Here are some practical suggestions for how parents can support these public health measures, especially with younger children. I plan on using them with my son to help him get ready for Senior Kindergarten.

  • Mom and son practicing using hand santitzerPractice new routines with your child before school starts – hand-washing, using alcohol-based hand rub and cough/sneeze etiquette. 
  • Work on getting your child comfortable wearing a mask. Start with just a few minutes and increase the time each day. As a generation that has never had to wear masks in public places, it seems almost unthinkable that our kids will have to wear masks all day long while at school, but let’s not underestimate them. Kids are great at adapting.
  • Child practicing puting mask on himself and stuffed toyLimit personal belongings that your child brings to school (which means less to wash and less to lose!). Any personal items (e.g., backpack, clothing, water bottles, lunch bag, etc.) should be labelled.
  • Staff must wash their hands or use alcohol-based hand rub before and after touching any student’s personal belongings, so help them out by making sure your child can open and close their own food containers, packages or thermos meals. Same goes for clothing. Do not send your child in shoes, sweaters or coats that they can’t do up on their own.
  • Alcohol-based hand rub will be available at school but consider packing a small container in your child’s lunch bag to use before and after eating (if they know how to use it properly and safely).
  • Although frequently-touched surfaces will be cleaned and disinfected regularly, consider packing a tea towel or cloth for your child to eat their lunch on, and change it each day.
  • Go back to toddler-style lunches and snacks by cutting food up (e.g., fruit) and encouraging your child to eat with a fork rather than using their hands.  

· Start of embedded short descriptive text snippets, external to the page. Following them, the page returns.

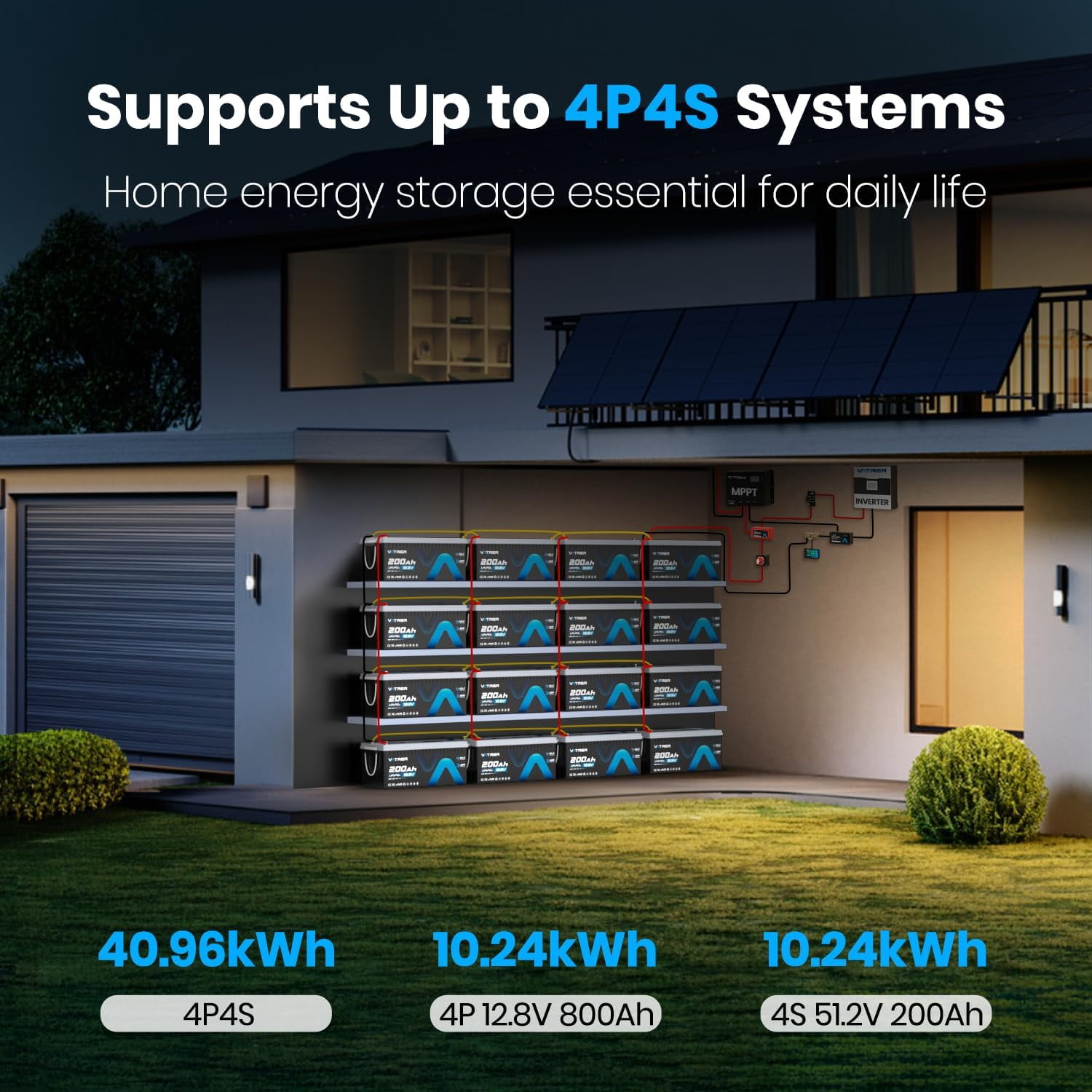 VATRER POWER 12V 200AH LiFePO4 Lithium Battery with Self-Heating, Built-in 200A BMS, Supports Low Temp Charging(-4°F), 5000+ Cycles, Perfect for RV/Camper, Solar, and Off-Grid Applications,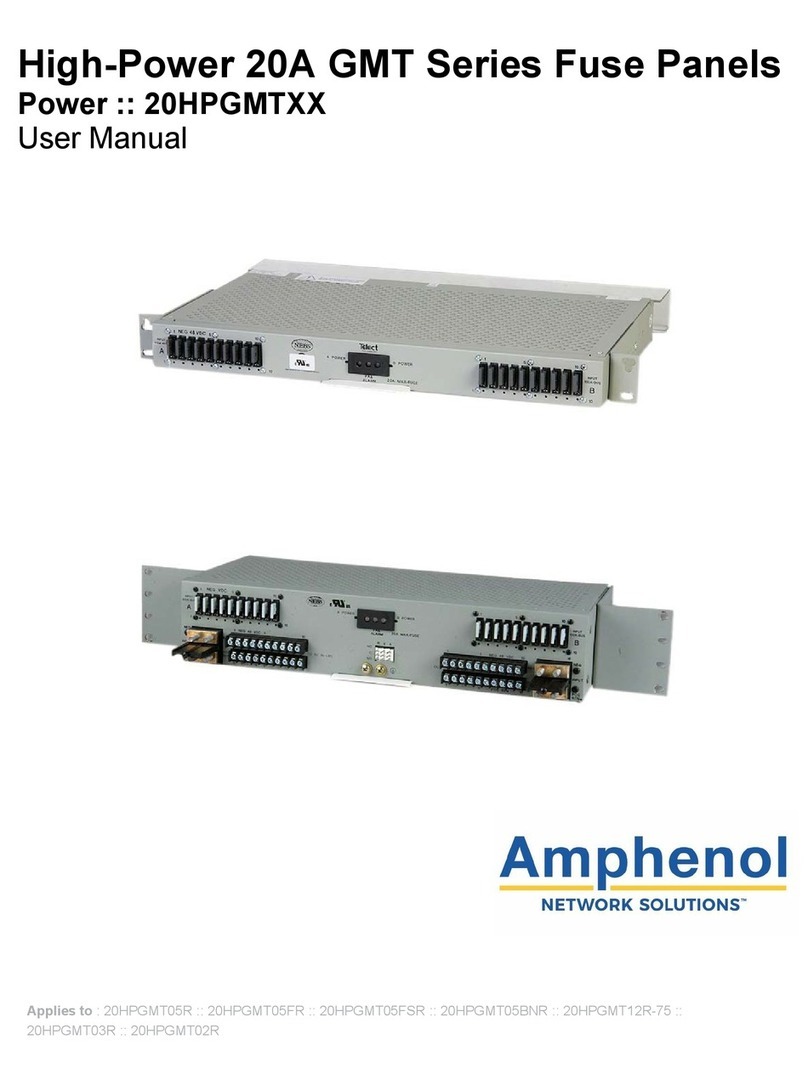 Amphenol GMT Series user manual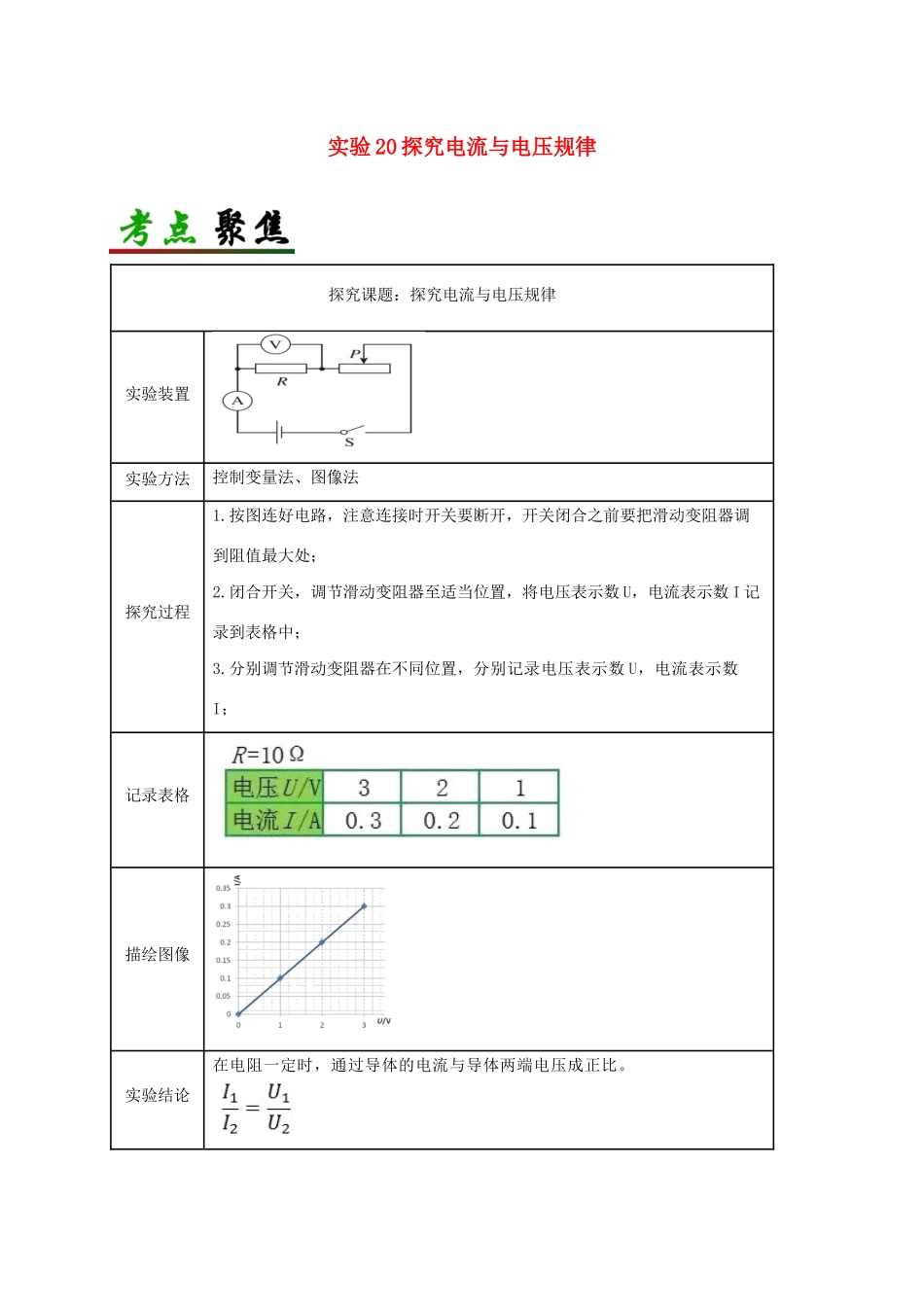 中考物理必考实验精解精练专题 实验究电流与电压规律试卷_第1页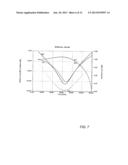 METHOD, STRUCTURE, AND DESIGN STRUCTURE FOR A THROUGH-SILICON-VIA     WILKINSON POWER DIVIDER diagram and image
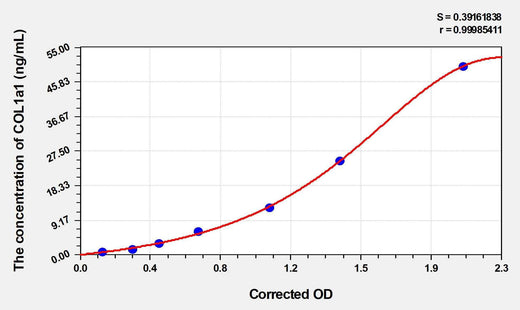 Rat COL1a1(Collagen Type I Alpha 1) ELISA Kit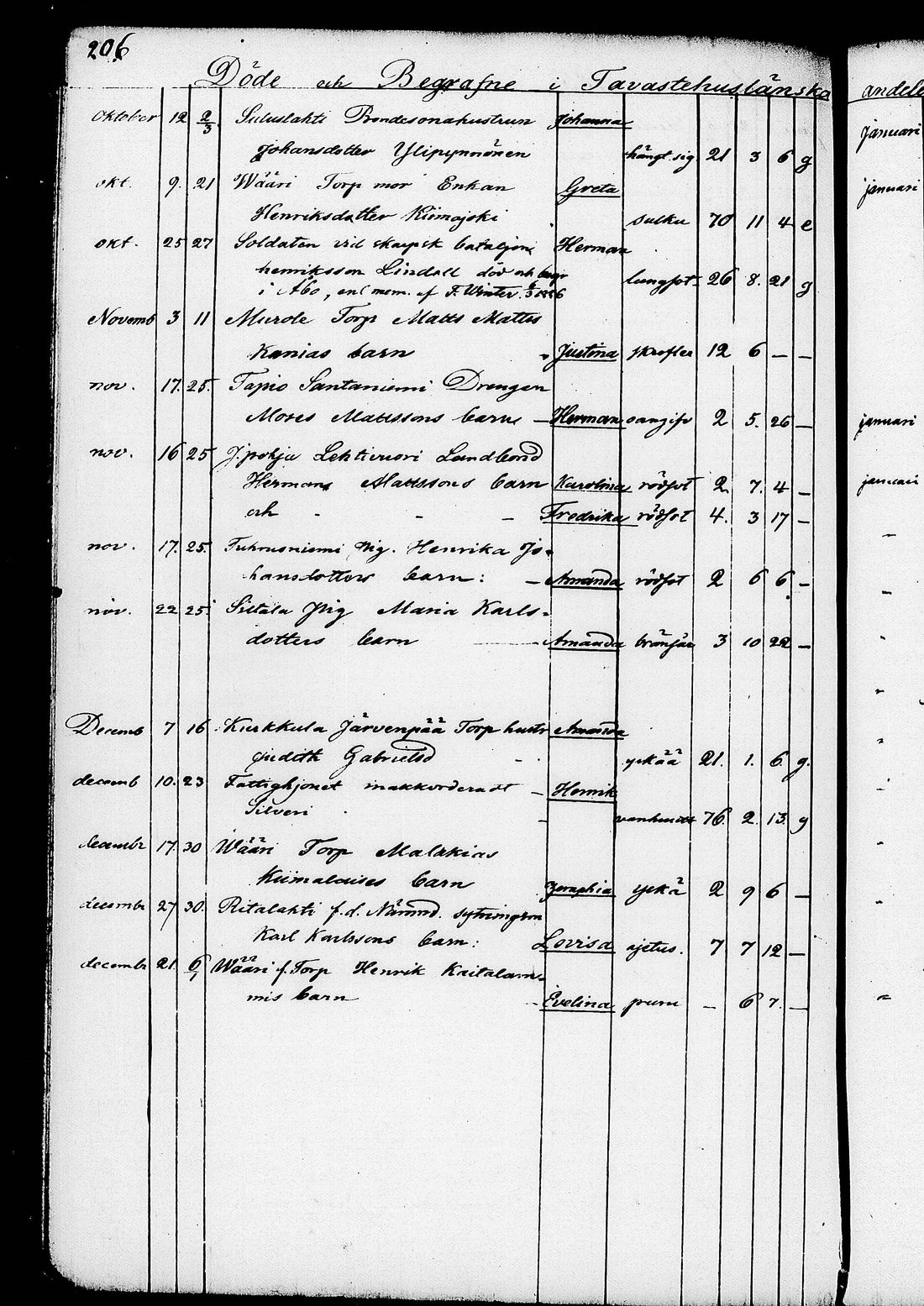[ ../kirjat/Kirkonkirjat/ruovesi/kuolleet_1853-1870_tk208/kuvat/79.jpg ]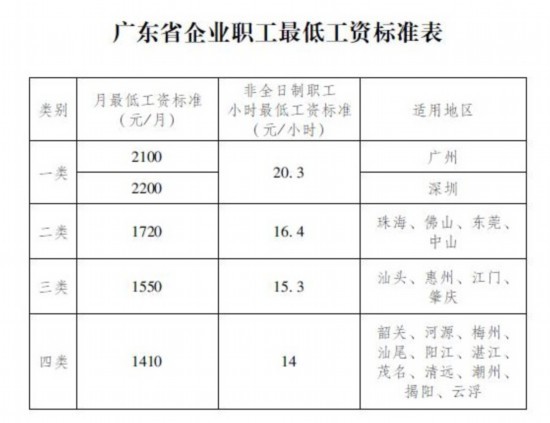 14省市上调最低工资标准:安徽3年涨30元 重庆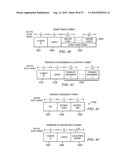 Frame Structure for Medium Access in Body Area Networks (BAN) diagram and image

For more ideas to help your child get ready for school, visit the Parents and Students page on our website.

Public Health’s role in supporting schools

Even with all these strategies in place, I know parents still have big questions like “What happens if my child has symptoms of COVID-19? Will they have to get tested? Will everyone in the class have to get tested? What happens if someone in the school gets COVID-19?” The good news is schools are required to have COVID-19 health and safety plans in place that address these questions.

Dr. Mercer, our Medical Officer of Health, has been working closely with our school boards since February and released this statement on the safe reopening of schools yesterday (August 19, 2020). Here are a few of the ways Public Health is supporting schools for a safe reopening:

  • Public Health has put together a detailed checklist for schools to follow as they develop their plans and will provide schools with resources on topics like physical distancing, use of masks and hand hygiene.
  • Public Health is also working with schools to develop processes for the management of a student or staff case of COVID-19.
  • Each school will have a dedicated Public Health Nurse to work with them. These Public Health Nurses will help schools implement their COVID-19 health and safety plans, give advice about infection prevention and control and provide support with screening, testing and case and contact management.

Trusting the experts

By sending kids back to school, we are putting a lot of trust in our local and provincial Public Health leaders, our schools and our communities. We can’t be certain of how things will go, but we must trust that appropriate actions will be taken as new information and evidence emerges – just as we have done since the outset of the pandemic.

I wish my fellow parents all the best on what is sure to be another school year for the history books!